The Marbury Lens by Andrew Smith

"I was thinking, what if the world was like that?  What if we only saw one surface of it, the outside, but there was all kinds of other stuff going on, too?  All the time.  Underneath.  But we just don't see it, even if we're part of it?  Even if we're in it?  And what if you had a chance to see a different layer, like flipping a channel or something?  Would you want to look?  Even if what you saw looked like hell?  Or worse?" 


I think this passage from The Marbury Lens sums it all up pretty perfectly.  It was a wild journey from beginning to end.  It was a story that not only makes the main character question what is real, but will make the reader do the same as well. 

This was the first novel of Andrew Smith's that I have read that was written before Winger.  Much like everything else I have read by him, this one is going to stick with me for a while.  It was haunting and beautiful all at once.

From Amazon:

Sixteen-year-old Jack gets drunk and is in the wrong place at the wrong time. He is kidnapped. He escapes, narrowly. The only person he tells is his best friend, Conner. When they arrive in London as planned for summer break, a stranger hands Jack a pair of glasses. Through the lenses, he sees another world called Marbury.
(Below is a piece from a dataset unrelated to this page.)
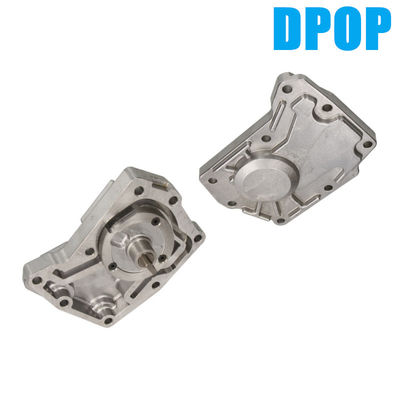 0501215245 0501215228 95534889 T58905 Untuk ZF Gearbox KAMA3 EURORICAMBI TAS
There is war in Marbury. It is a desolate and murderous place where Jack is responsible for the survival of two younger boys.

Conner is there, too. But he's trying to kill them.

Meanwhile, Jack is falling in love with an English girl, and afraid he's losing his mind.


Conner tells Jack it's going to be okay.

But it's not.

Andrew Smith has written his most beautiful and personal novel yet, as he explores the nightmarish outer limits of what trauma can do to our bodies and our minds.